-------- Data for processing --------

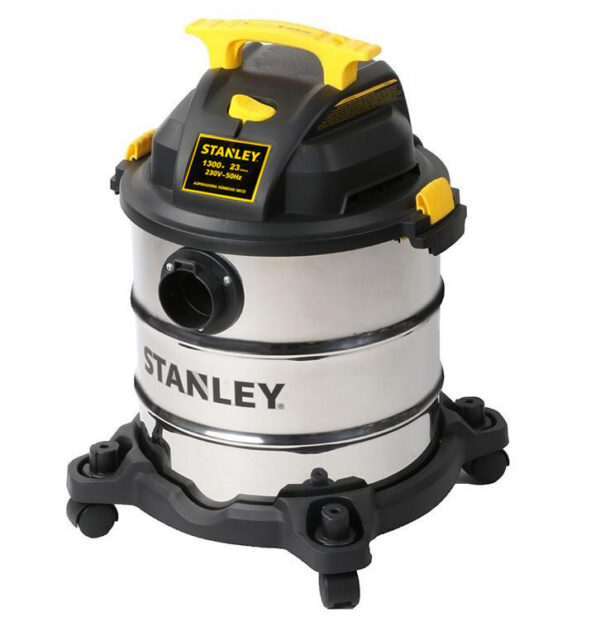 Stanley_Aspiradora_23_lts_SL18116_1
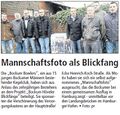 Blickfang BH048 Westfälischer Anzeiger, 08.12.2011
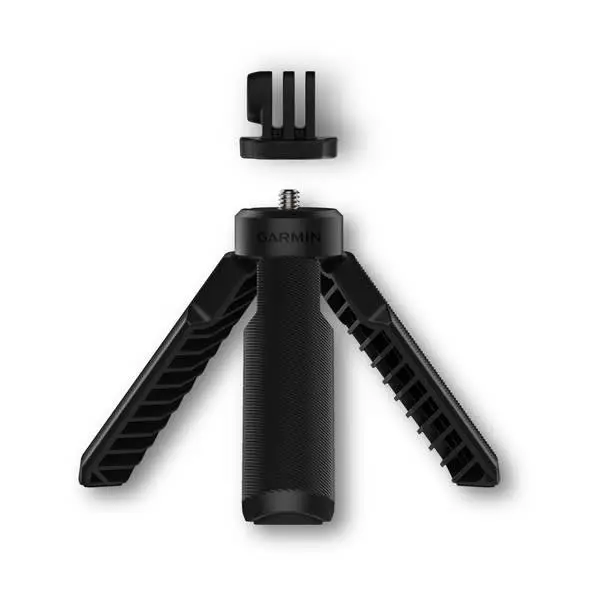 Stativ/Handgriff (VIRB® 360)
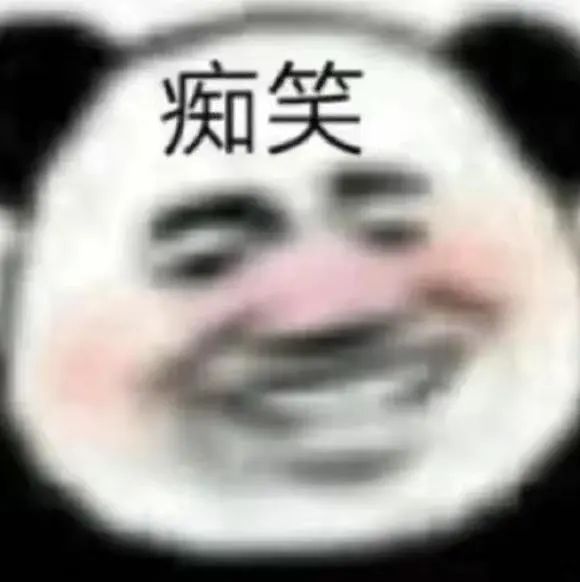 图40.jpg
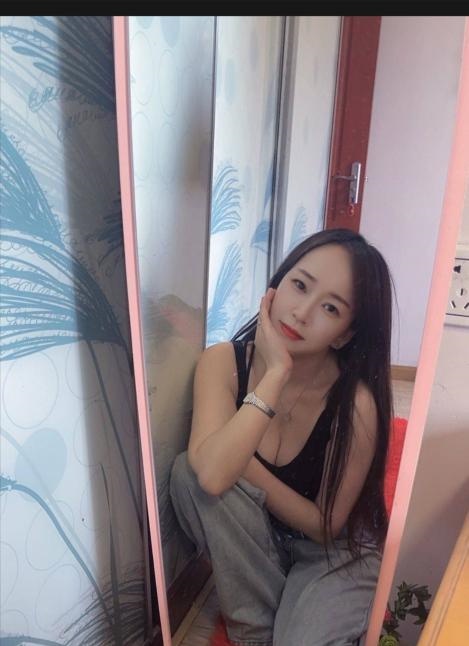 服务型水娃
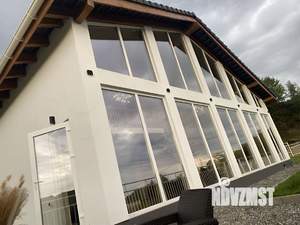 Дом 135м², 2-этажный, посуточно, 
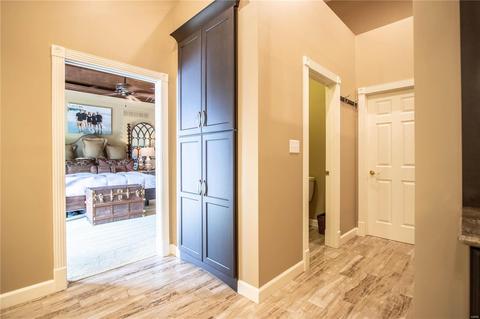 4026 Austin Dr, Saint Charles, MO 63304 photo 44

--------

> [Exercise aim]
Should a picture appear among the entries above, omit it and repeat everything else exactly.

> [Solution to the exercise]
 Stanley_Aspiradora_23_lts_SL18116_1
 Blickfang BH048 Westfälischer Anzeiger, 08.12.2011
 Stativ/Handgriff (VIRB® 360)
 图40.jpg
 服务型水娃
 Дом 135м², 2-этажный, посуточно, 
 4026 Austin Dr, Saint Charles, MO 63304 photo 44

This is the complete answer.